Scraped caption text data:
====

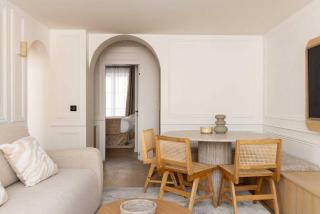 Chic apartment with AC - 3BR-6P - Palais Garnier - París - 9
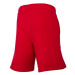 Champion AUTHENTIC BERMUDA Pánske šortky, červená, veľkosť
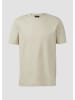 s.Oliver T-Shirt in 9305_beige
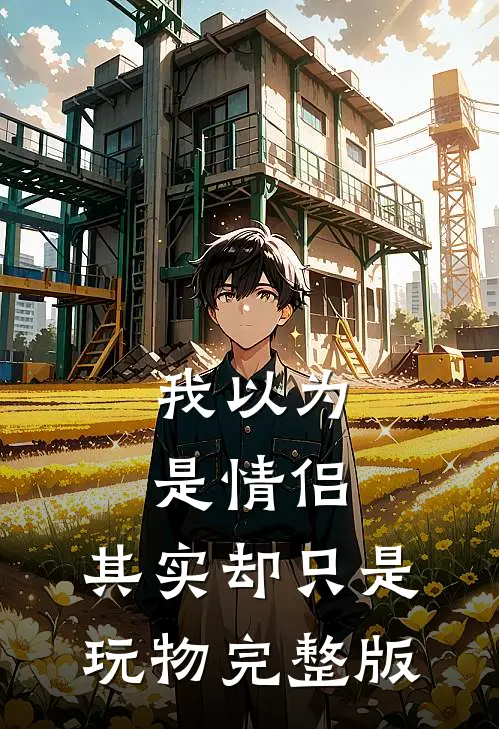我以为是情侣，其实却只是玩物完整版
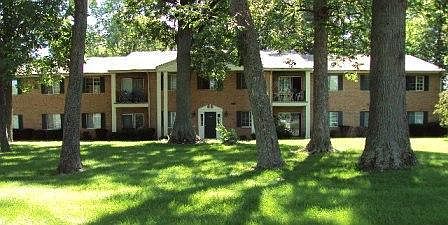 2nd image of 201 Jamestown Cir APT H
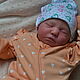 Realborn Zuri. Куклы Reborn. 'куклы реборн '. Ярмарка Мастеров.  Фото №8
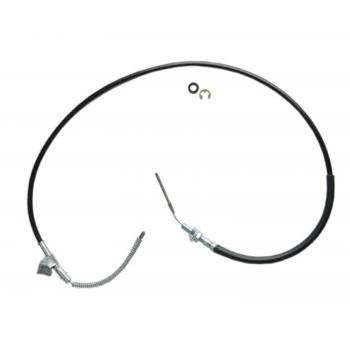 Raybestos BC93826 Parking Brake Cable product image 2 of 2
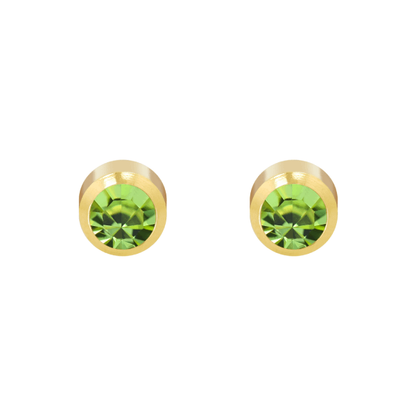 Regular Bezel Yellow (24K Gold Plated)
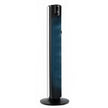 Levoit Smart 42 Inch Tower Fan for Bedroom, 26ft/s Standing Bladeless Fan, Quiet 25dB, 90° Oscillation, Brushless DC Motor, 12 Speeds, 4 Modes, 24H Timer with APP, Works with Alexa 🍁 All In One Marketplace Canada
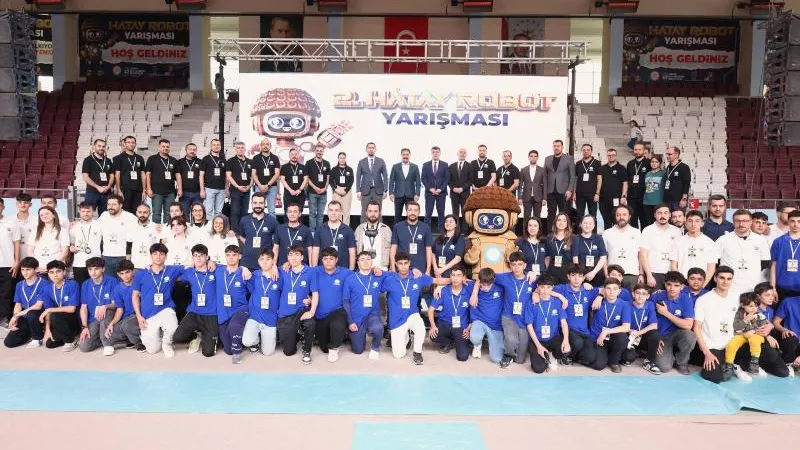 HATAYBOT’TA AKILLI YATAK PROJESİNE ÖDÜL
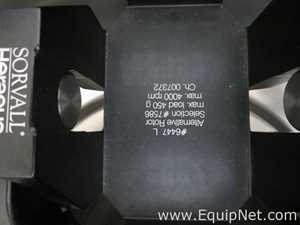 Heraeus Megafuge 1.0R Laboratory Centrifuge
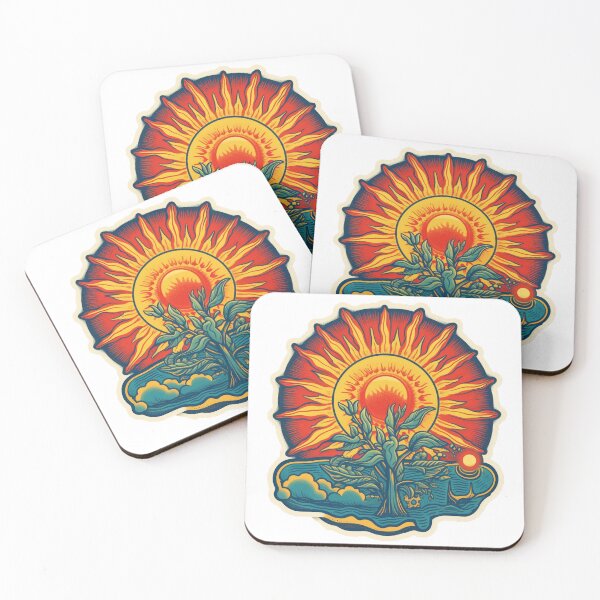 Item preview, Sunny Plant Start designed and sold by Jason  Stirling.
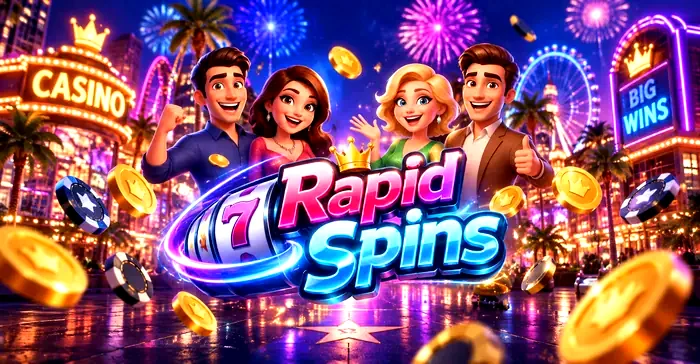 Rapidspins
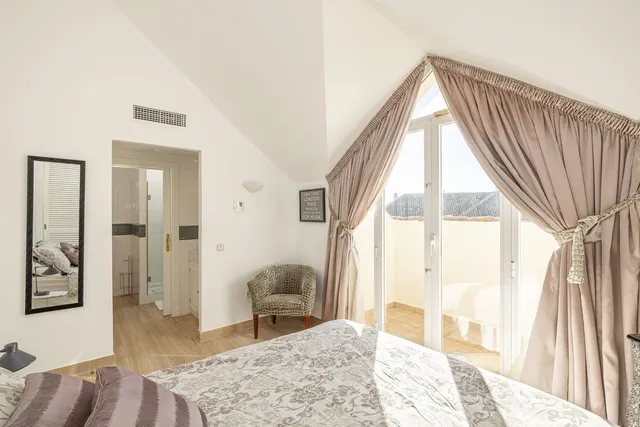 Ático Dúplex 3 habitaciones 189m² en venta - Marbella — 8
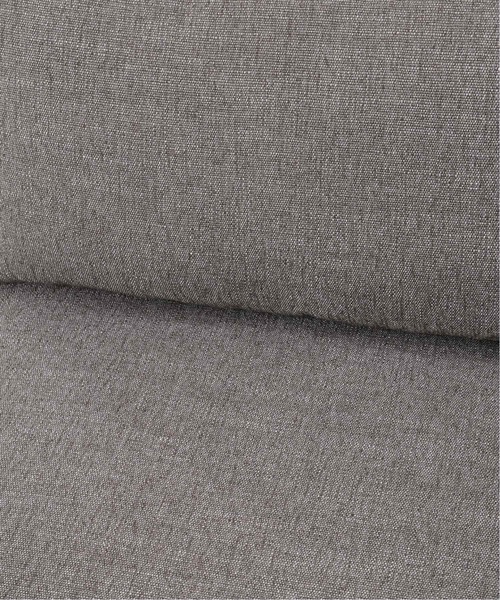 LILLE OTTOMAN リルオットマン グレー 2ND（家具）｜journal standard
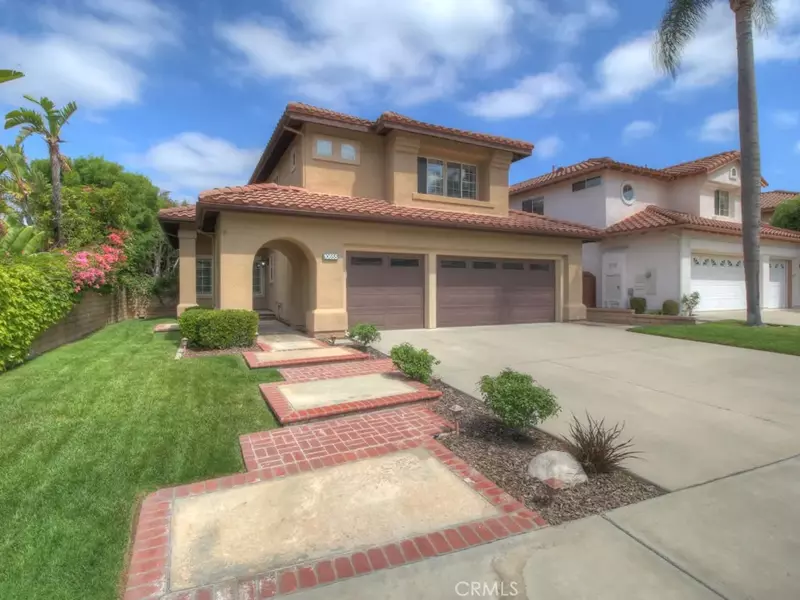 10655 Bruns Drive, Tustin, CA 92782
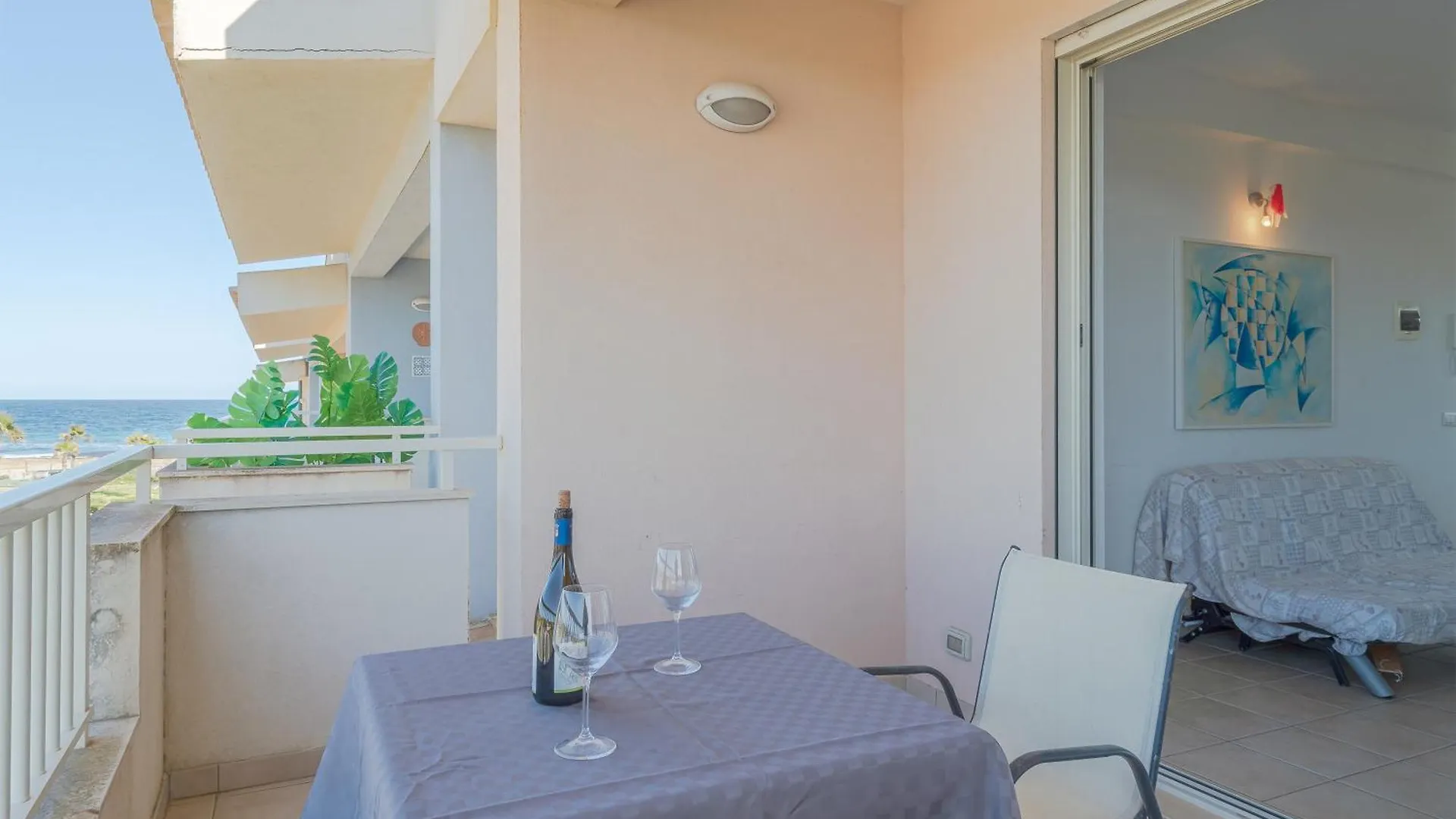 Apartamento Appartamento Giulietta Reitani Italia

====

Exercise: Pictures are to be left out; all else in the entries above is to be quoted exactly.

Answer for the task:
 Chic apartment with AC - 3BR-6P - Palais Garnier - París - 9
 Champion AUTHENTIC BERMUDA Pánske šortky, červená, veľkosť
 s.Oliver T-Shirt in 9305_beige
我以为是情侣，其实却只是玩物完整版
 2nd image of 201 Jamestown Cir APT H
 Realborn Zuri. Куклы Reborn. 'куклы реборн '. Ярмарка Мастеров.  Фото №8
 Raybestos BC93826 Parking Brake Cable product image 2 of 2
 Regular Bezel Yellow (24K Gold Plated)
 Levoit Smart 42 Inch Tower Fan for Bedroom, 26ft/s Standing Bladeless Fan, Quiet 25dB, 90° Oscillation, Brushless DC Motor, 12 Speeds, 4 Modes, 24H Timer with APP, Works with Alexa 🍁 All In One Marketplace Canada
 HATAYBOT’TA AKILLI YATAK PROJESİNE ÖDÜL
 Heraeus Megafuge 1.0R Laboratory Centrifuge
 Item preview, Sunny Plant Start designed and sold by Jason  Stirling.
 Rapidspins
 Ático Dúplex 3 habitaciones 189m² en venta - Marbella — 8
 LILLE OTTOMAN リルオットマン グレー 2ND（家具）｜journal standard
 10655 Bruns Drive, Tustin, CA 92782
 Apartamento Appartamento Giulietta Reitani Italia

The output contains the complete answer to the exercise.